Kane has little spots around his head and neck that initially scabbed for the first day or two, then the fur started thinning, and then finally the scab disappeared WITH the fur, lol. The vet suggested we wait to do an allergy panel until after it gets cooler, especially since Kane already has food allergies (to corn and/or chicken) it makes it more likely that he'll have environmental ones as well. Allergies are just more common in APBTs anyways.


----------



## tahoe262 (Sep 8, 2010)

what do you feed?

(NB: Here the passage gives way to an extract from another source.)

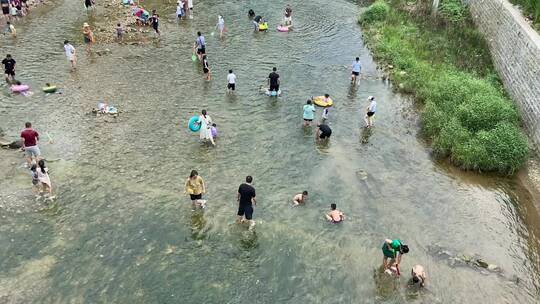 济南南部山区云河桥，野外山谷溪流玩水地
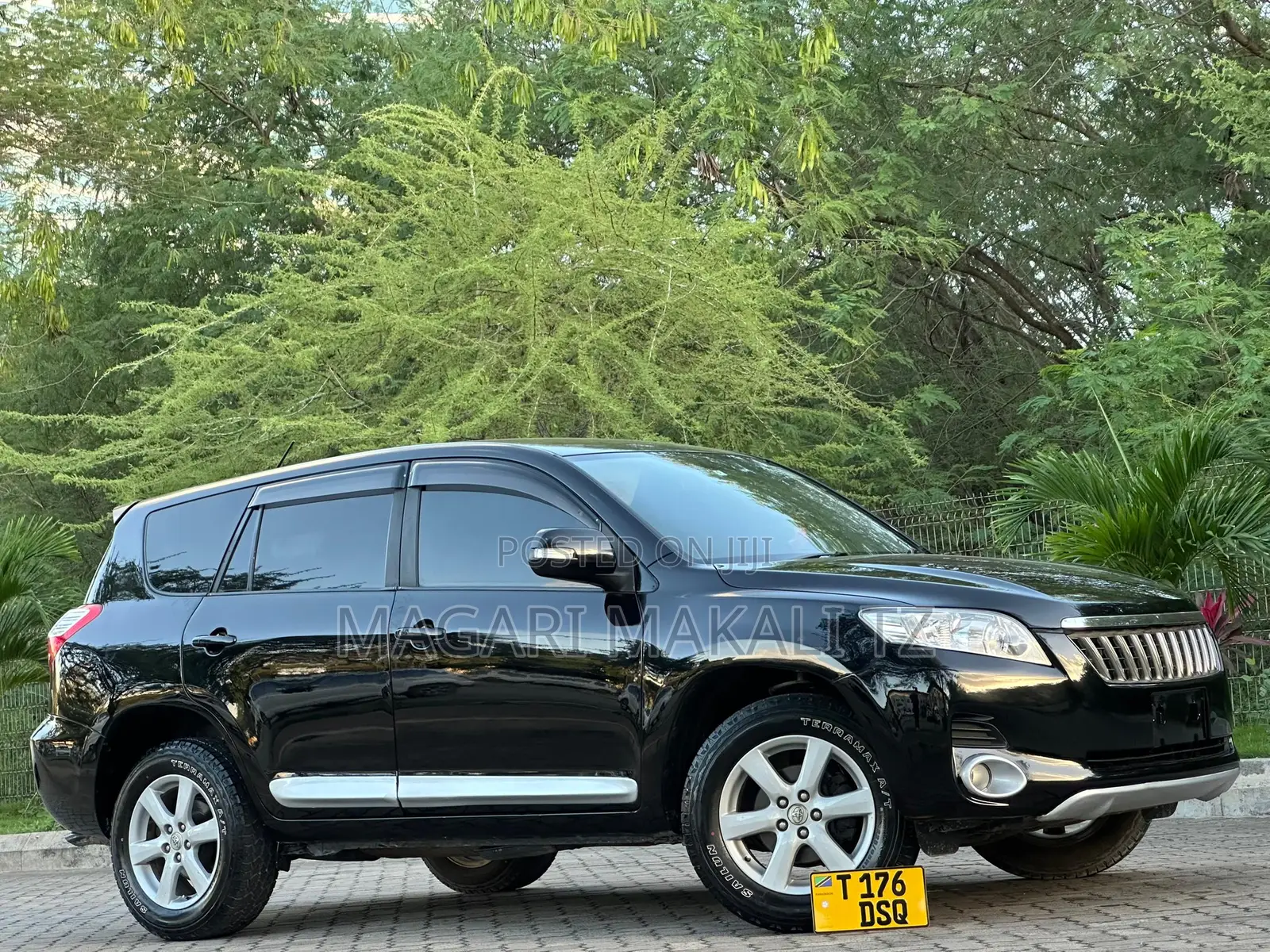 Toyota Vanguard 2010 Black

If it has corn or wheat in it i bet thats it


sorry didnt read entire post just check your ingredients on the food.


----------



## Aireal (Jul 2, 2010)

also i wanted to add unless you give the full dose (the whole 25mg) of bena dryl it will not do any good, once or are comfortable you should give the whole dose every 8 hours

do you have pictures that show the hair loss?


----------



## bigworm (Aug 29, 2010)

yeah benadryl wont hurt him my dog has been getting benadryl since he was three months and i up the dosage as he gets older


----------



## performanceknls (Apr 4, 2009)

I would not go with food allergies yet and if your dog is a blue or a dilute blue of some sort they are known to have allergy problems and coat issues bring being bred blue on blue for many generations. Now not all blue dogs have coat issues but it is common. I would go with benadryl for now and give one 25mg tablet twice a day for 1 week and see if it helps. If it looks like it is helping go down to one tablet a day. The safe dose for benadryl is 1 mg per pound of body weight so you girl is fine taking one 25mg pill. In bad cases you can safely double to dose benadryl is a very safe drug.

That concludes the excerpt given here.